Clearence (far right) joined a mentorship programme and worked under Prof. Andrew Chan (2nd from left), EMBA Programme Director. Clearence has met many business leaders through Prof. Chan.


“Leveling up” with Foresight and Network

Clearence led a remarkable career at Google and took on many different roles, including working with advertisers and advertising agencies. He was later appointed as the Hong Kong Partnership Manager of YouTube, responsible for the growth of YouTubers, assisting brokering partnerships between brands and YouTubers. However, he did not want to become complacent and work only one job in his entire life. As social media became more integrated into our daily lives and KOLs (key opinion leaders) played a more influential role in affecting consumers’ purchasing decisions, Clearence saw a business opportunity. He left Google after four years and founded digital marketing company Jengah Limited with his partner Elton.
 

Jengah specialised in tailor-making digital marketing strategies for clients. While Clearence leveraged his professional network to negotiate partnerships between clients and KOLs, Elton focused on video content creation. Little did they think a two-person company with an extremely low set-up cost could manage to pull in HK$3 million revenue in the first few months. They even won the champion in the startup team category at the Hong Kong selection round of the 2017 Qianhai Shenzhen-Hong Kong-Macao Youth Innovation and Entrepreneurship Competition.
 

Clearence (right) partnered his university classmate Elton to establish digital marketing company Jengah. They won the champion in the Start-up Team Category in the Hong Kong selection round of the 2017 Qianhai Shenzhen-Hong Kong-Macao Youth Innovation and Entrepreneurship Competition.

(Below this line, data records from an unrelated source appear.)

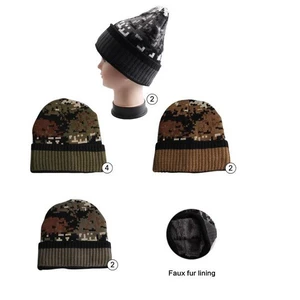 10010, Thermaxxx Winter Hat Cuff Camo w/ Faux Fur Lining, 191554100107
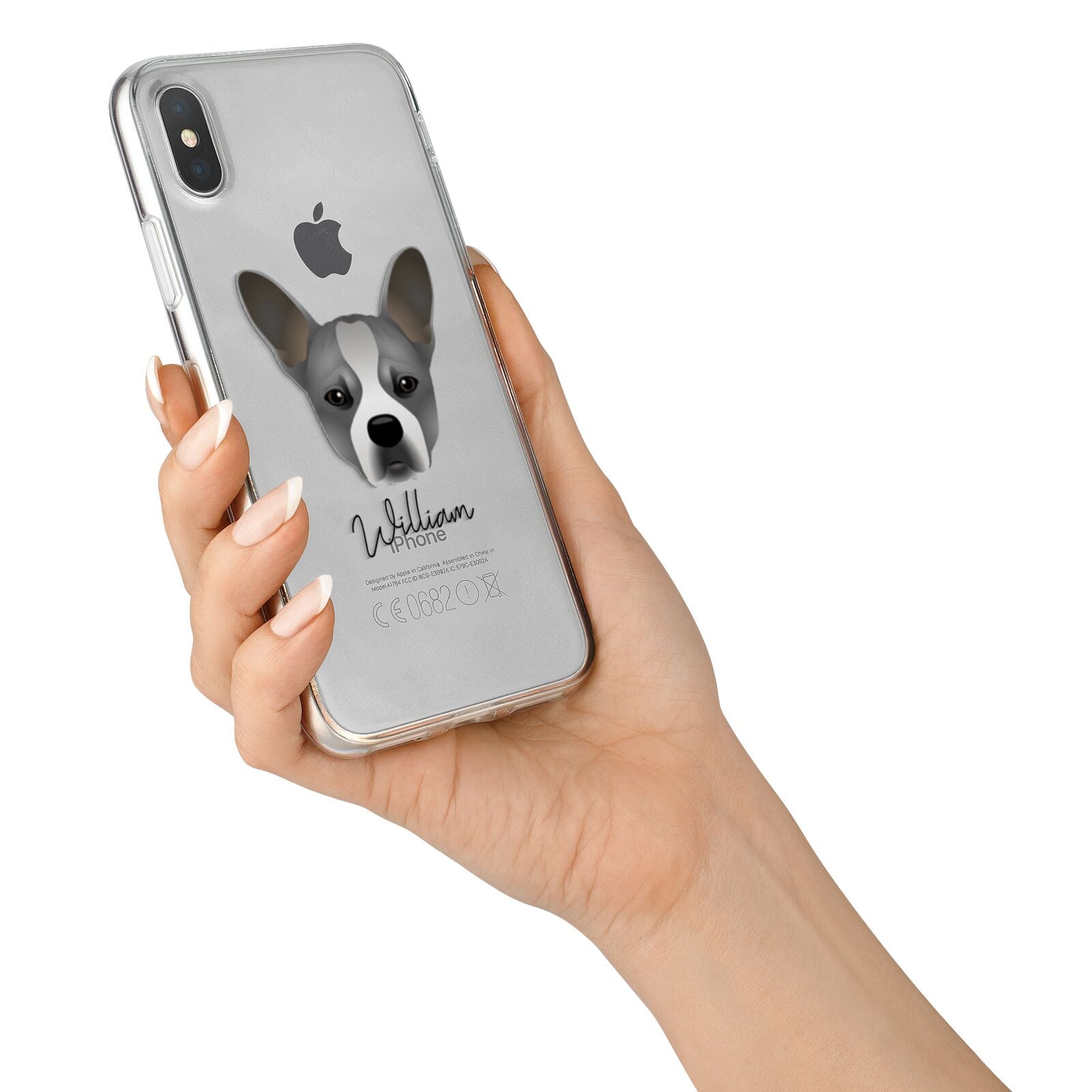 French Bull Jack Personalised iPhone X Bumper Case on Silver iPhone Alternative Image 2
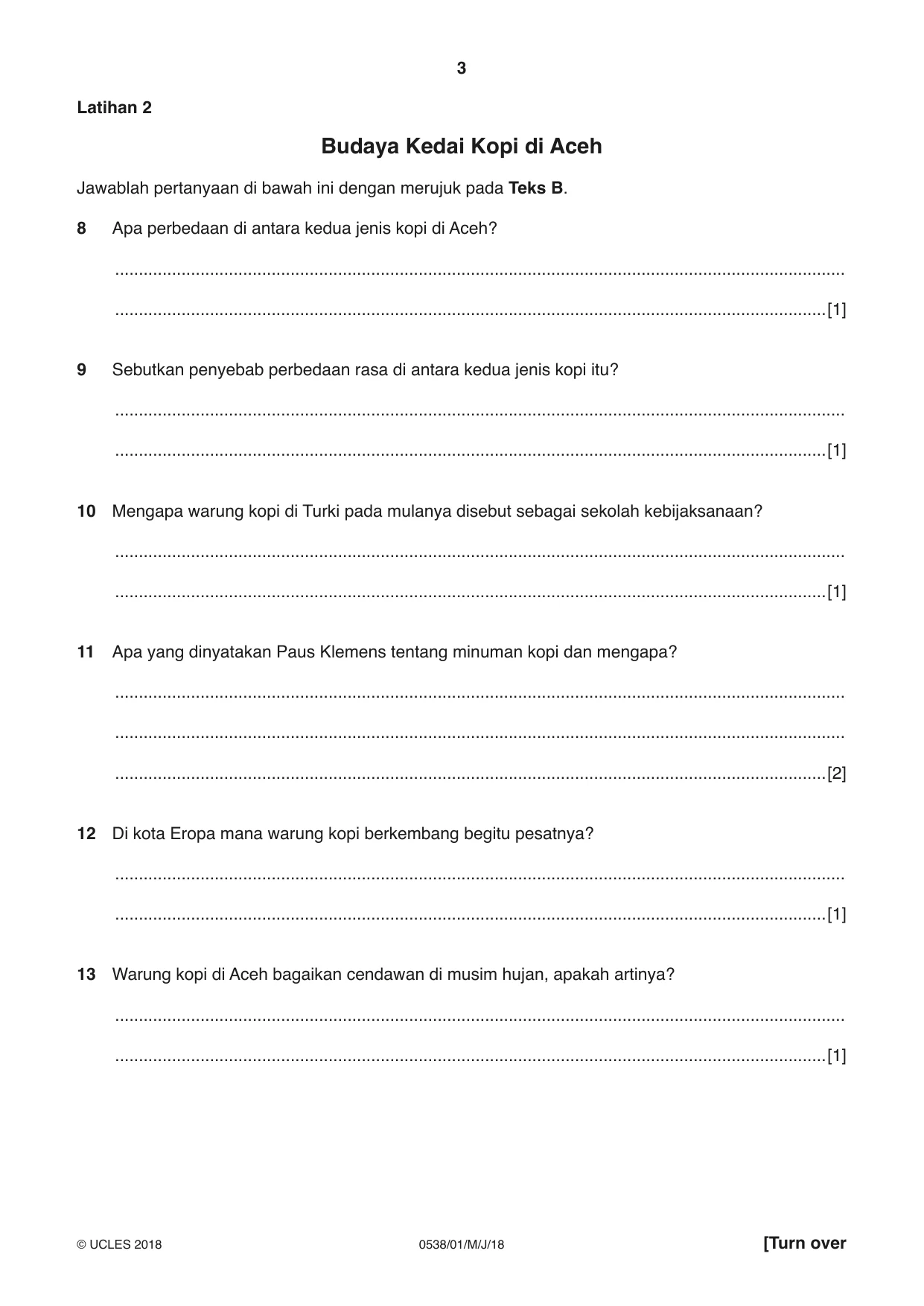 Cambridge IGCSE Bahasa Indonesia 0538 2018 May/June Paper 1 · Variant 0 question paper, page 3 of 12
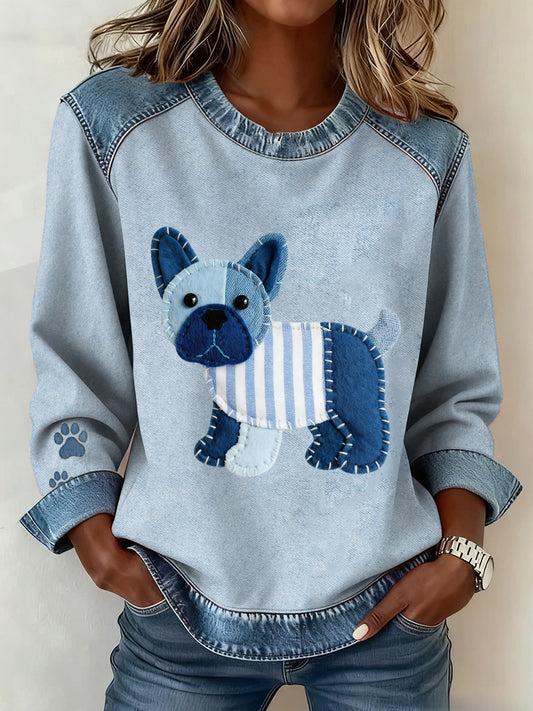 Sudadera Mujer Dog Denim Crewneck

The Ultimate Key to Success: Keep the Fire Going

An idea struck Clearence one day: Rather than making deals for other KOLs, why not mentor his own? Because of his passion for video gaming, he was very up-to-date with eSports trends. He noticed the lack of major eSports KOLs at that time, so he put together an all-women professional eSports team, Stinga. In less than two months, Stinga was acquired by Emperor Esports Stars, and Clearence joined the company as Head of Business.
 

Like physical sports such as football and basketball, eSports is not held back by language barriers. It has quickly become one of the most watched forms of sports globally. Reports indicate that the global viewership of online game League of Legends has surpassed that of the NBA. Besides revenue from ticketing and broadcast rights, eSports also simulates growth in other components along the industry chain such as gaming devices and tourism and contributes to massive economic yield. The global revenue of eSports was estimated at US$700 million last year, and it is expected to grow exponentially.
 

Besides expanding eSports business within his company through advertising and sponsorship, media promotion, partnership with brands, Clearence also offers the government insights into local eSports development and manages an eSports diploma programme co-organised by Emperor Esports Stars and academic partners. The programme covers topics such as business ecosystem, financing strategies, team management, and game commentary, and Clearence also gives lectures on event management. The programme was full as soon as enrollment began.
 

Clearence’s (far right) digital marketing company Jengah founded an all-women professional eSports team Stinga


Final Boss: Hongkongers’ Misconception of eSports

The future of the eSports industry in Hong Kong is full of challenges. “Take a look at eSports overseas. In mainland China, it’s backed by video gaming giants like Tencent; in Taiwan, it’s supported by the semiconductor industry; In Korea and even the US and Europe, they’re championed by their governments. Development in Hong Kong is lagging behind because it doesn’t enjoy any of these advantages. We don’t even have an eSports venue.” Clearence thinks the misconception about eSports is the biggest of all the obstacles. “eSports is such a massive global industry, but people think eSports is merely video games. An average video gamer isn’t on a par with an eSports player. The latter spends up to 16 hours a day training. It requires every ounce of perseverance. I hope to play a part in helping eSports gain the recognition it deserves from Hongkongers one day.”
 

Although the market is small, our homegrown players have been thriving in this niche environment. “They’re remarkably quick on their feet and resilient. In the 2018 Asian Games that has just wrapped up, Hong Kong qualified for four of the six events and even proved our worth by winning a gold medal in the Hearthstone tournament!”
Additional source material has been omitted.